Slide 39: Prognosis In 1950s:  5 yr survival rate in case of lupus nephritis was 0%  Recently:  5 yr survival 85%  10 yr survival 73%  In 1963: 2 yr survival rate 58%  1980-1990: 5 yr survival rate 85-93%  2004: J. Rheumatology  5 yr survival rate 100%  10 yr survival rate 85.7% 

Slide 40: Prognosis Poor prognostic indicators  Delay in treatment of more than 5 months from onset of  nephritis Young age at onset of nephritis  Male sex  Black racial background  Hypertension  Nephrotic syndrome  Elevated creatinine level (>3 mg/dL) at presentation  Persistently elevated anti-dsDNA and low C3 and C4 levels  Renal biopsy findings showing diffuse lupus nephritis or high  chronicity index

Slide 41: Prognosis Excellent prognosis: Minimal mesangial lupus nephritis and  mesangial proliferative lupus nephritis (ISN/RPS 2003 classes I and II) Good prognosis: Focal lupus nephritis (ISN/RPS 2003 class III)   only a minority of patients develop progressive renal failure. Fair prognosis   Diffuse lupus nephritis (ISN/RPS 2003 class IV) a significant number of patients developing progressive renal failure.  Membranous lupus nephritis (ISN/RPS 2003 class V)  a significant number of patients developing progressive renal  deterioration gradually over time.
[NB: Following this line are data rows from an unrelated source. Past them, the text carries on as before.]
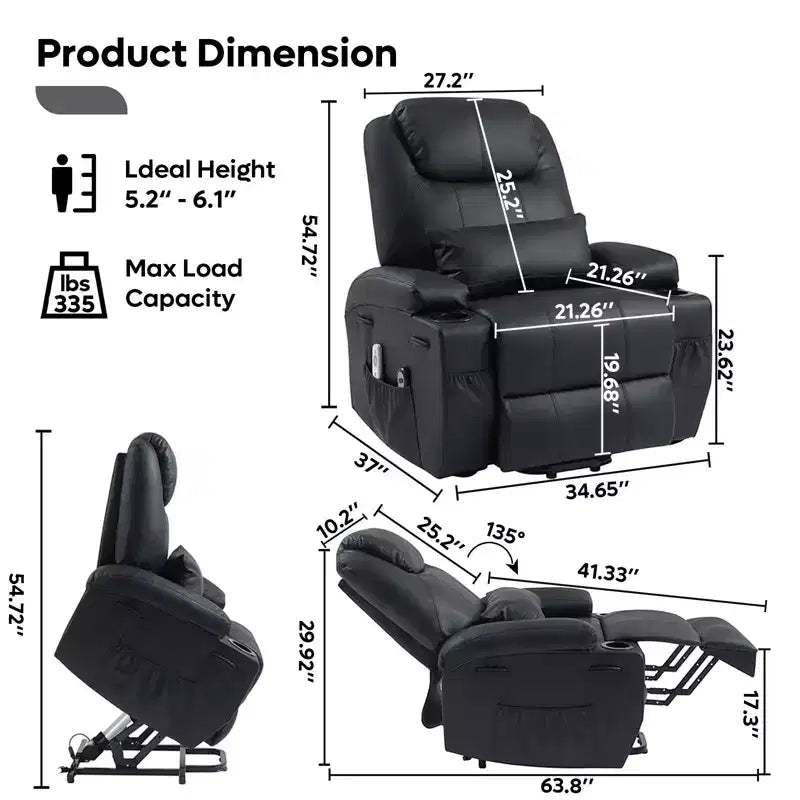 Fauteuil inclinable électrique Bestier de 88 cm avec fonction de levage, massage et chauffage, en similicuir, avec poches latérales et porte-gobelets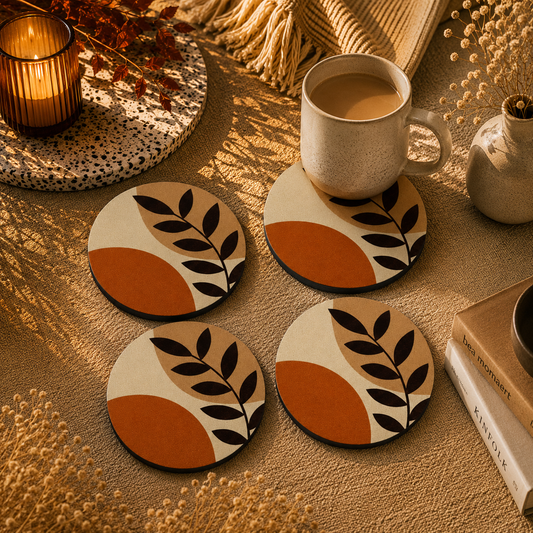 Botanical Round Wooden Coasters Set of 4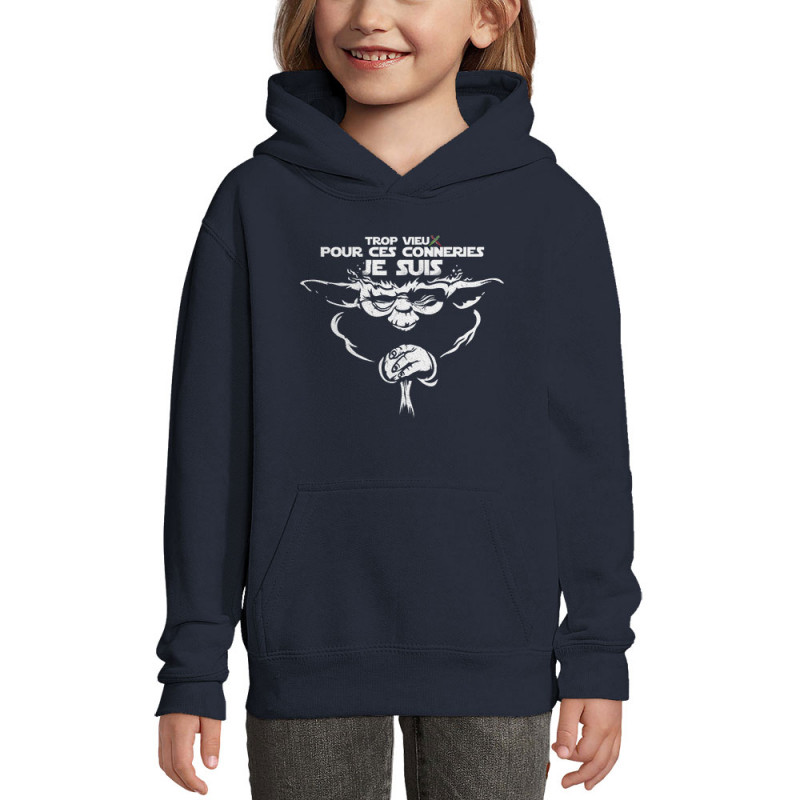 Sweat enfant à capuche bleu marine Yoda trop vieux (Skurg,Films/Séries,Détournements,Star Wars)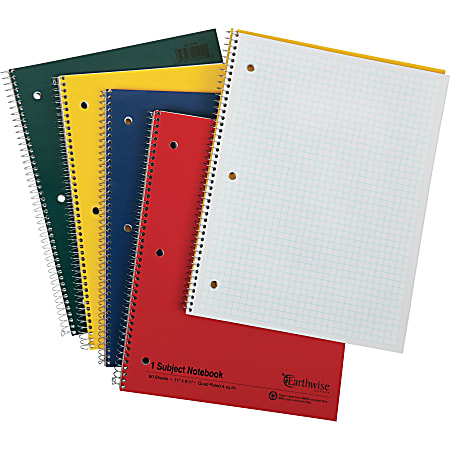 Oxford 3 - Hole Punched Wirebound Notebook - Letter - 80 Sheets - Wire Bound - 15 lb Basis Weight - Letter - 8 1/2" x 11" - White Paper - AssortedKraft Cover - Micro Perforated, Rigid, Subject - Recycled - 1 Each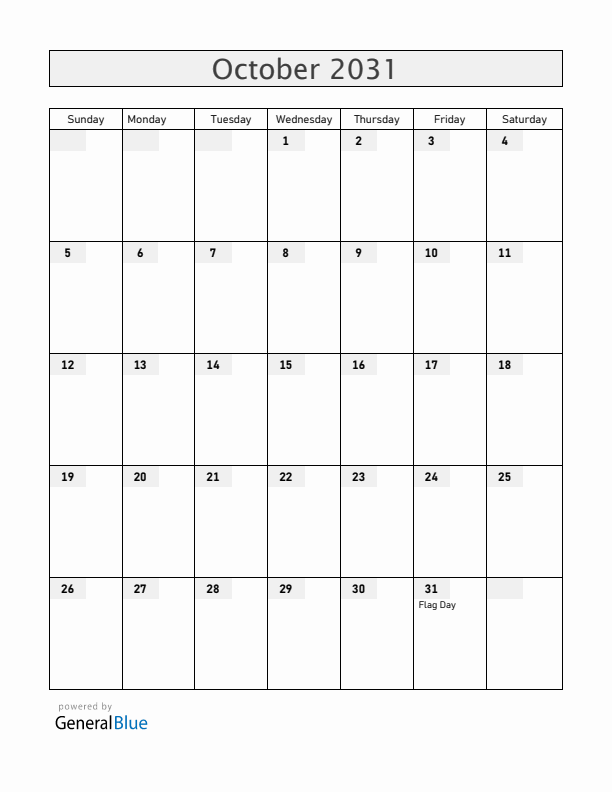 Ecuador October 2031 Calendar with Holidays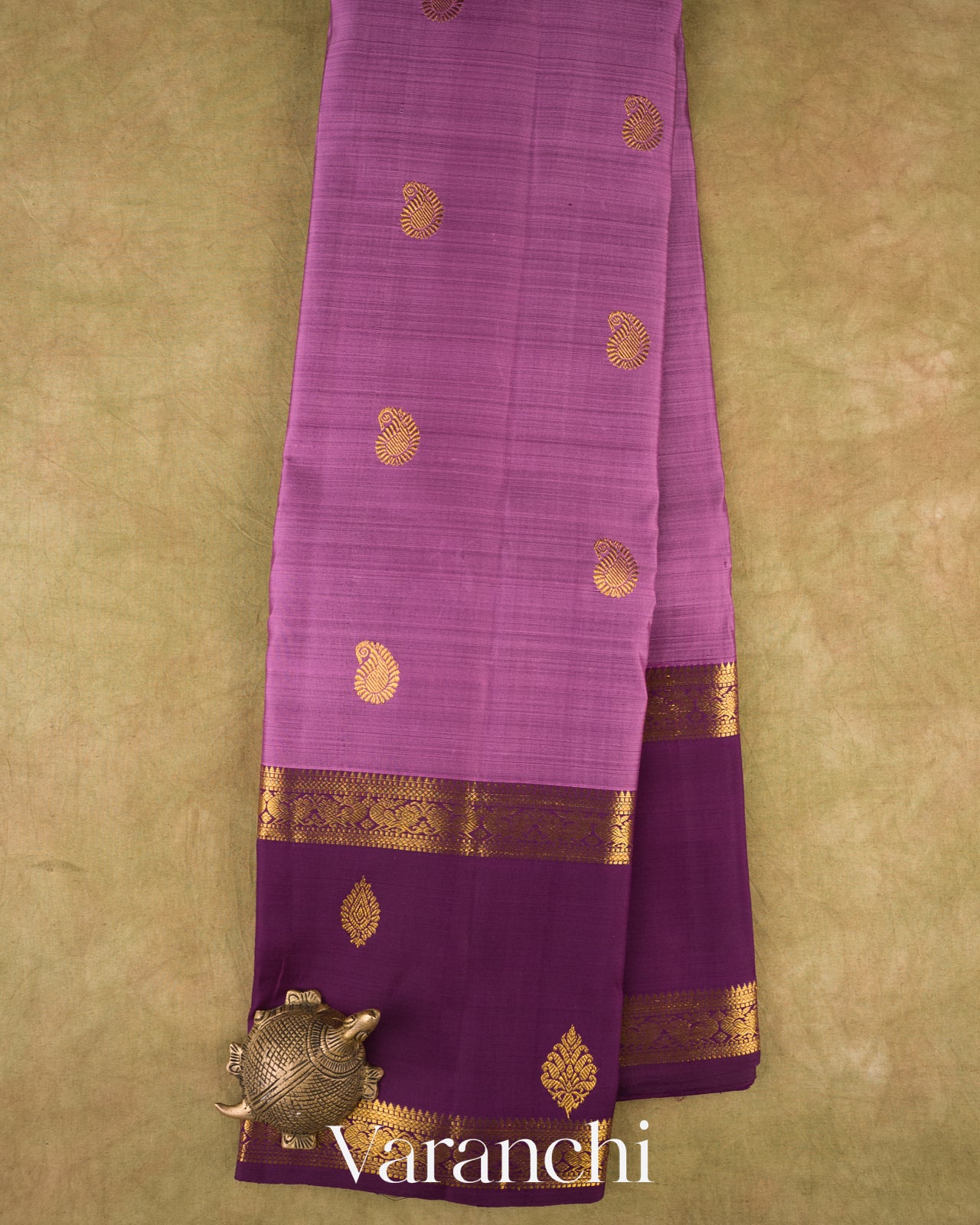Orchid Pink Pure Kanchipuram Silk Handloom Saree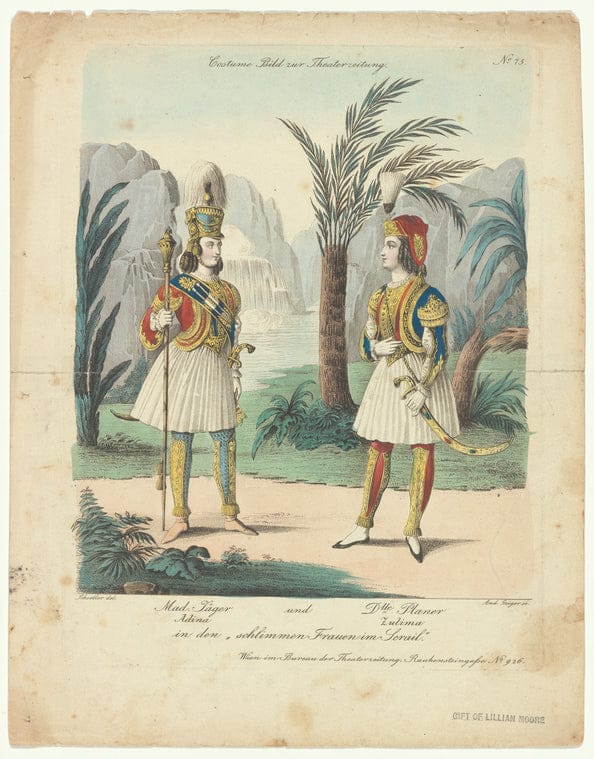 Art Print : Mad. Tager (Adina) und Dlle. Planer (Zulima) in den 'Schlimmen Frauen im Serail', 1765 - Vintage Wall Art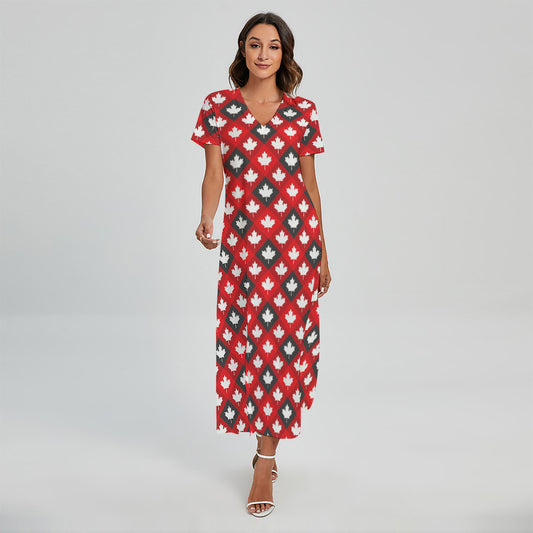 Canada Maple Leaf Pattern Print Short Sleeve Maxi Dress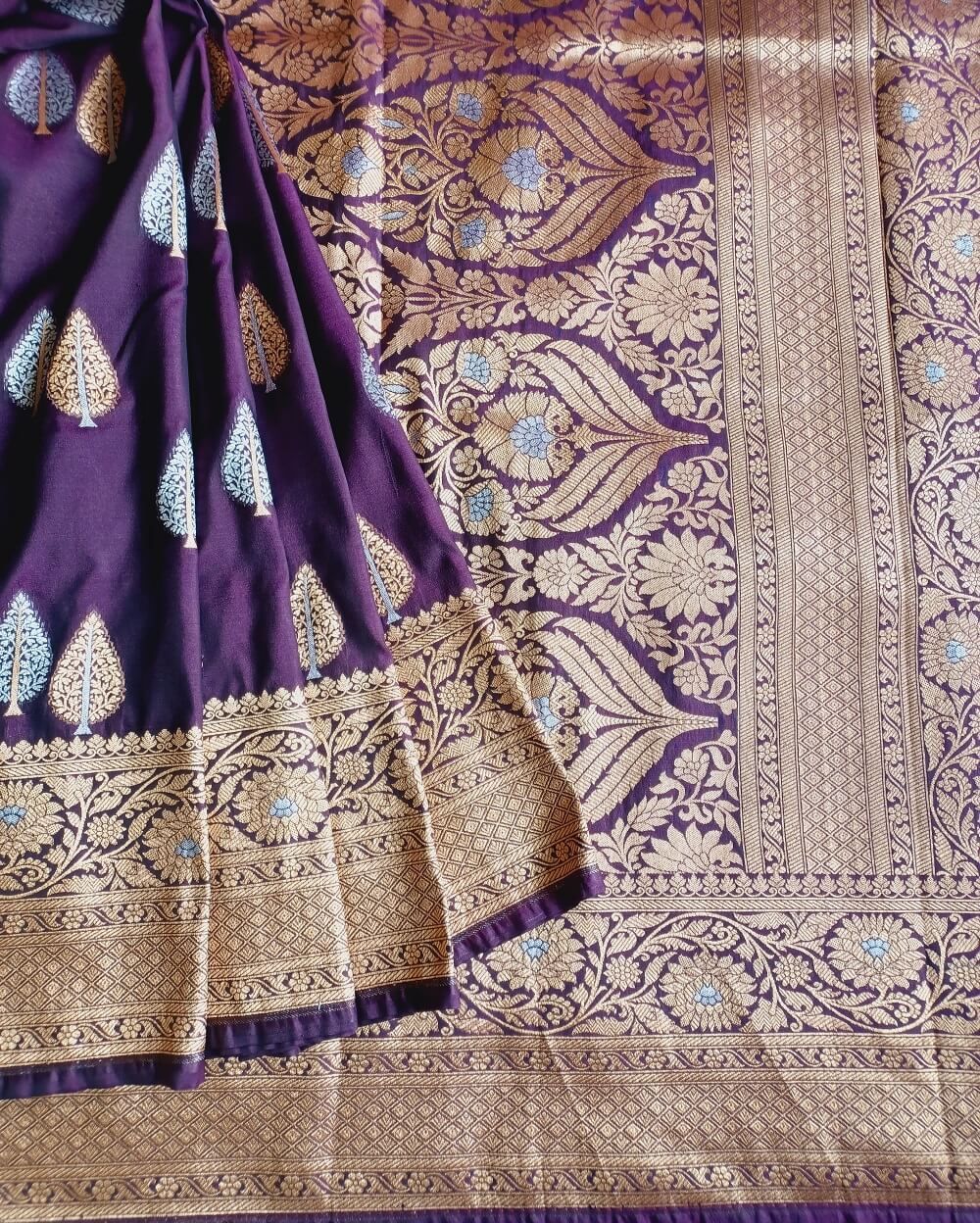 Banarasi Katan Silk Saree Violet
Slide 42: Complications: Some degree of long term and often permanent  organ dysfunction from either SLE or its treatment has been found in 88% of patients. Hypertension  Growth retardation  Chronic pulmonary impairment  Ocular abnormalities  Permanent renal damage  Neuropsychiatric symptoms  Musculoskeletal damange  Gonadal impairment  J. Rheumatology 1990

Slide 43: Summary: SLE is a potentially life-threatening disease, however pts can do  well if the disease is recognized early and treated aggressively. Renal disease is a major cause of morbidity and mortality in  children with SLE. The short and long term outcome have improved in recent years.  As pts survive longer, there is significant morbidity from the  disease and its treatments and it is difficult to balance minimising permanent organ damage with side effects from potentially harmful drugs.